• DATA TO EXAMINE:

******

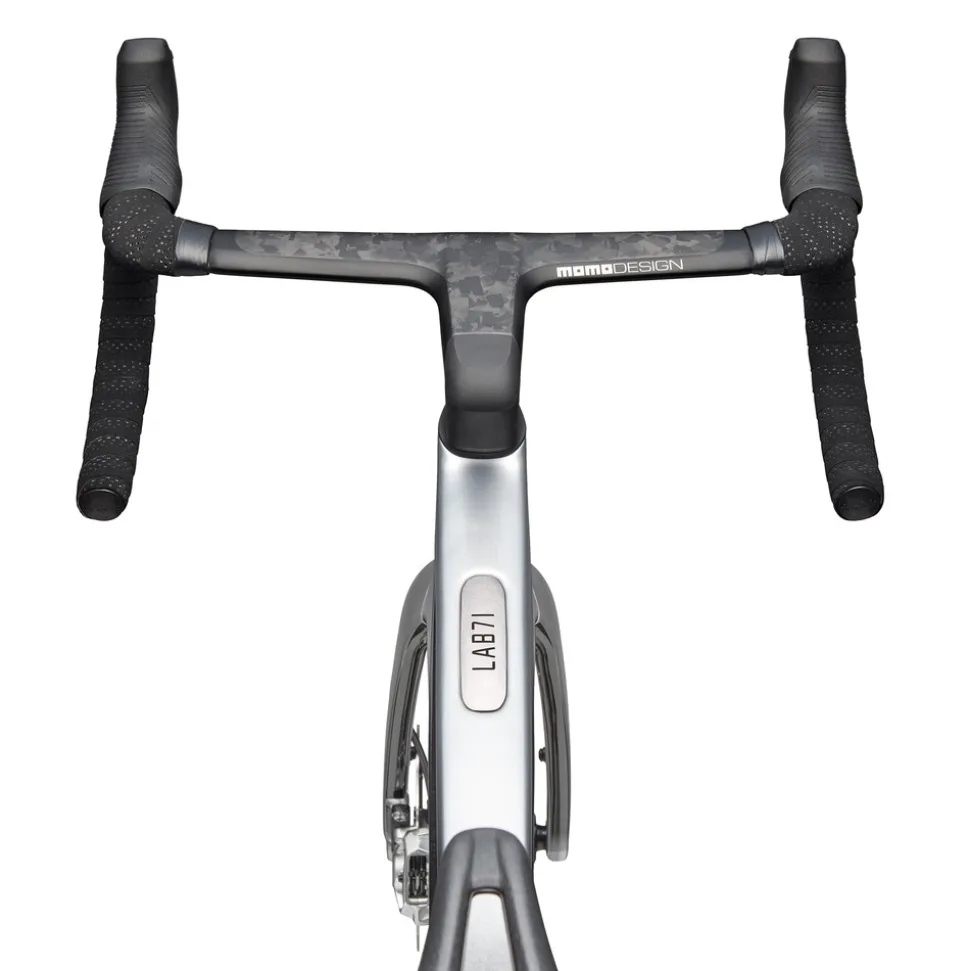 Synapse LAB71 SmartSense Road Bike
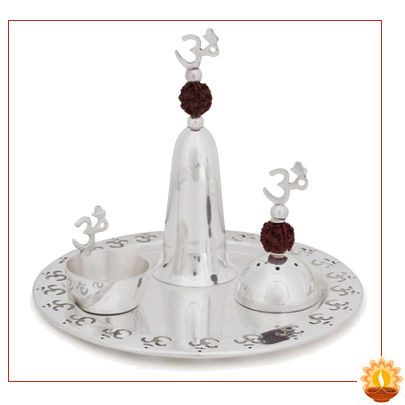 5 awesome gifts from Nykaas Festive Bazaar - 2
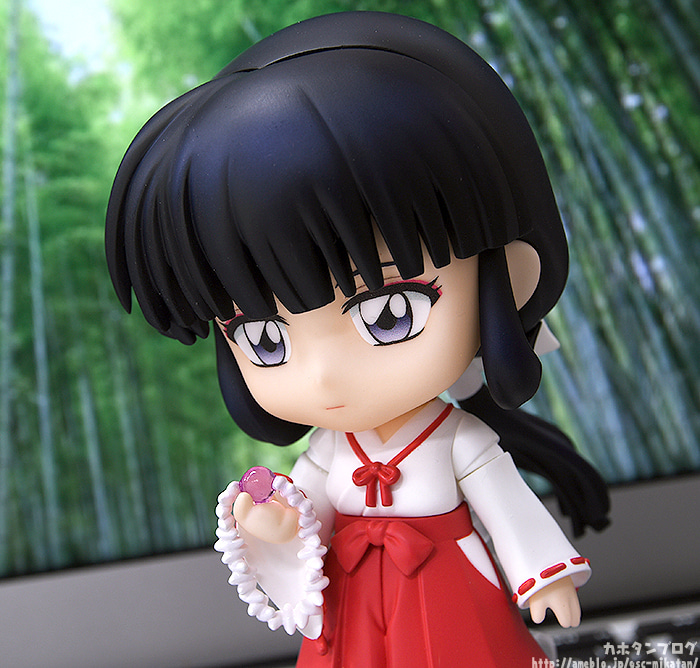 [�ٵ����̵�1537] �̴��߻�  - Ű���(�ݰ�) [9���԰��Ϸ�] [4580590123496]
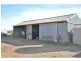 6471 Tocumwal-Benalla Road, Yarroweyah VIC 3644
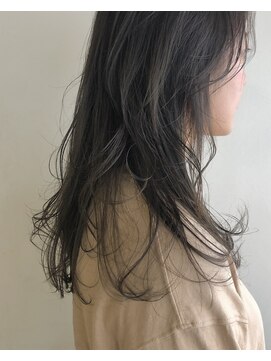 グリーン 町田(green) オリーブグレージュ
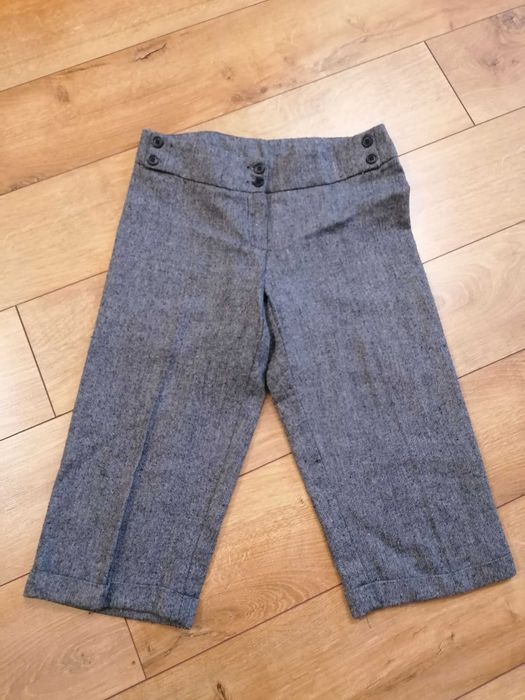 Kurtka damska SOKAL rozmiar 36 plus gratis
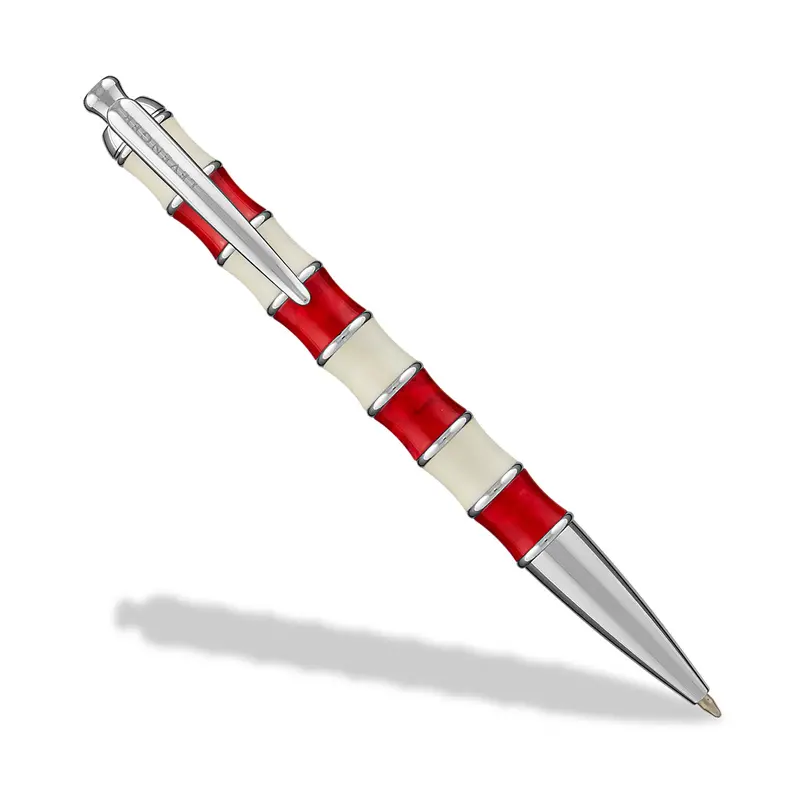 Regatta Ballpoint Pen 2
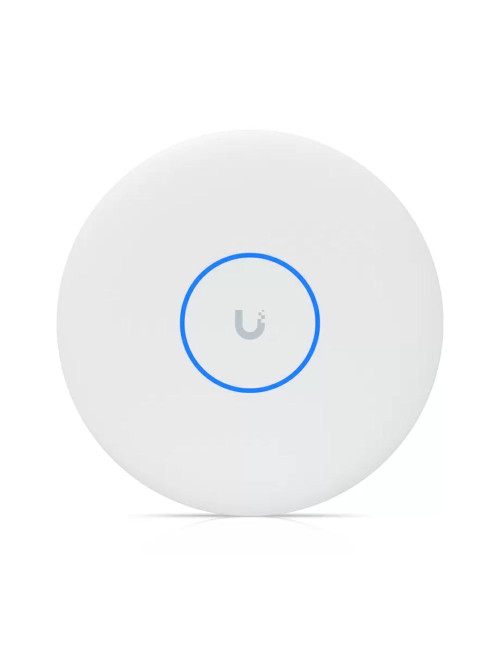 Punto acceso inalambrico ubiquiti u7 - pro - xgs unifi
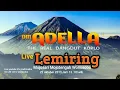 Download Lagu Album Adella live lemiring mojotengah Wonosobo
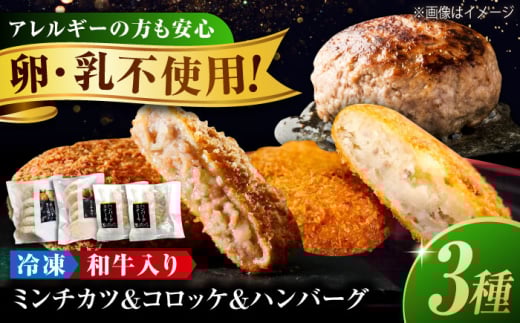 yXs[hzⓀ  lC 3 Zbg ( ~`Jc 5A RbP 5A no[O 2)  ~`Jc RbP no[O lߍ킹 Zbg Mtg  y  ٓ  ؓ 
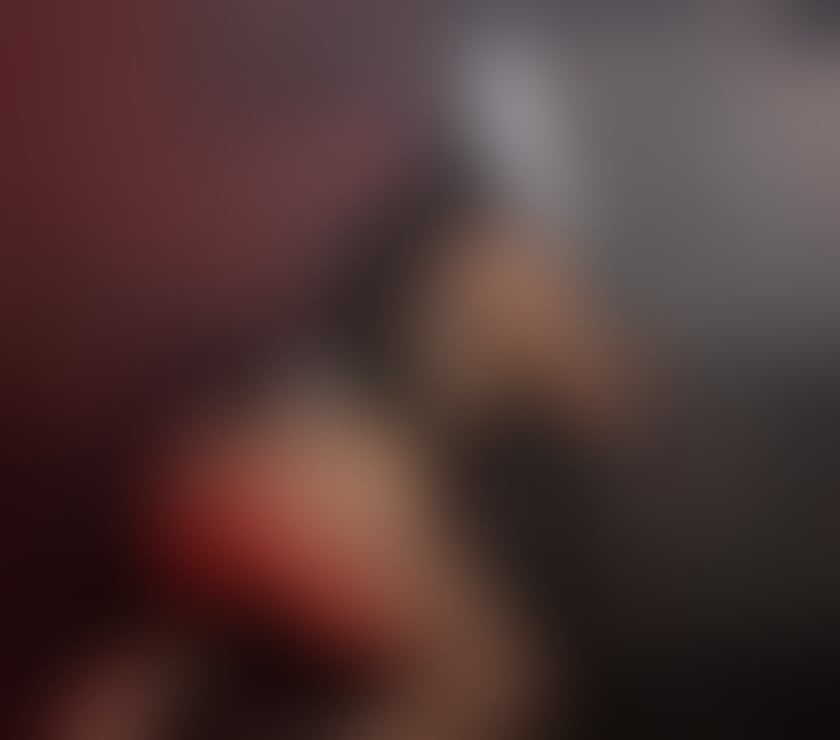 Escorts Carmarthenshire - Wales Cwmbach (Llanelli) - Carmarthenshire (Sir Gaerfyrddin) - Photos for Francesca hot girl in here
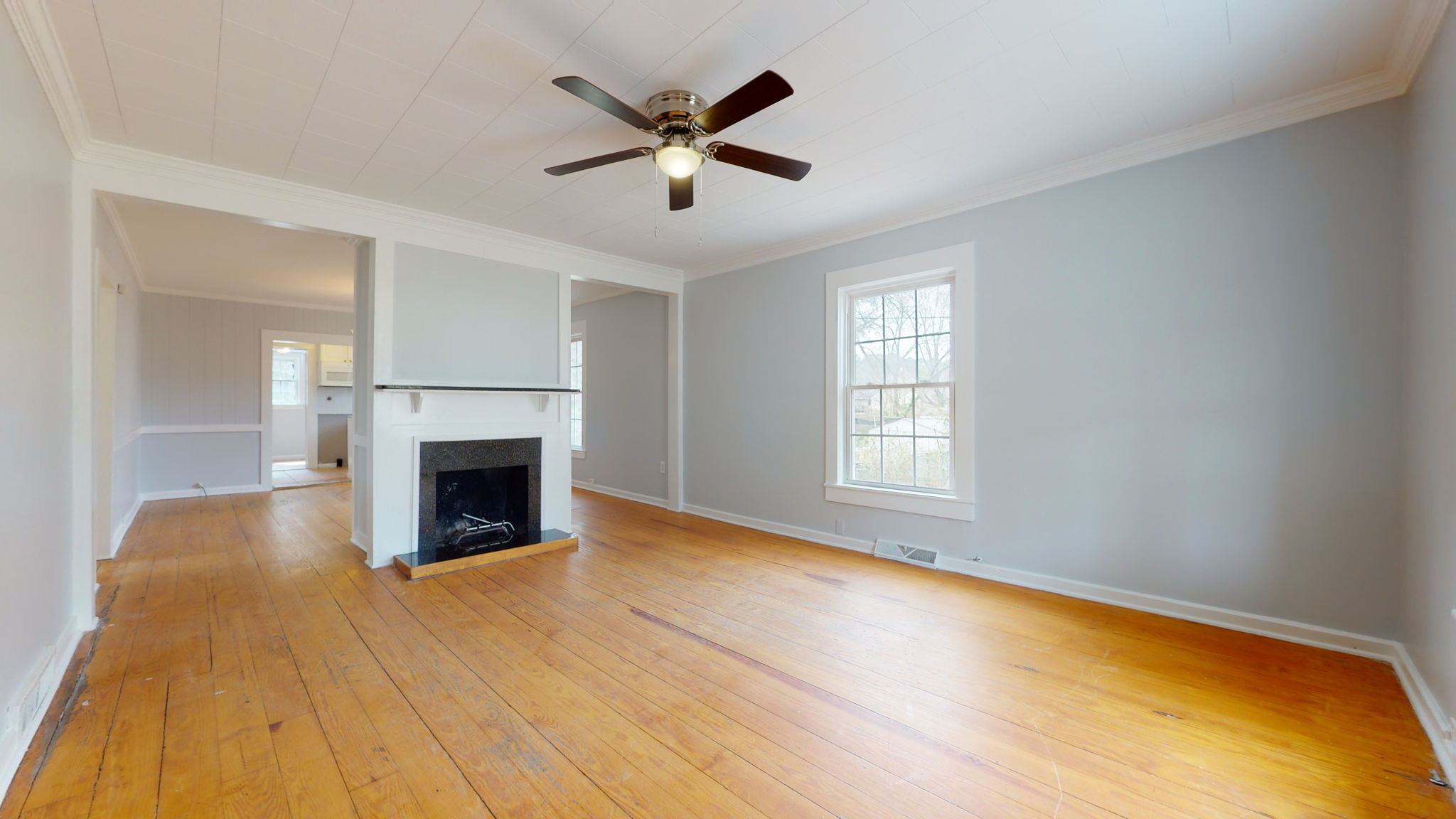 430 Craven St, Durham, NC 27704, USA Photo 21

******

Word for word, restate the lines above from the first through the one that contains "5A RbP 5A", and exclude all pictures.

 Synapse LAB71 SmartSense Road Bike
 5 awesome gifts from Nykaas Festive Bazaar - 2
 [�ٵ����̵�1537] �̴��߻�  - Ű���(�ݰ�) [9���԰��Ϸ�] [4580590123496]
 6471 Tocumwal-Benalla Road, Yarroweyah VIC 3644
 グリーン 町田(green) オリーブグレージュ
 Kurtka damska SOKAL rozmiar 36 plus gratis
 Regatta Ballpoint Pen 2
 Punto acceso inalambrico ubiquiti u7 - pro - xgs unifi
 Download Lagu Album Adella live lemiring mojotengah Wonosobo
 yXs[hzⓀ  lC 3 Zbg ( ~`Jc 5A RbP 5A no[O 2)  ~`Jc RbP no[O lߍ킹 Zbg Mtg  y  ٓ  ؓ 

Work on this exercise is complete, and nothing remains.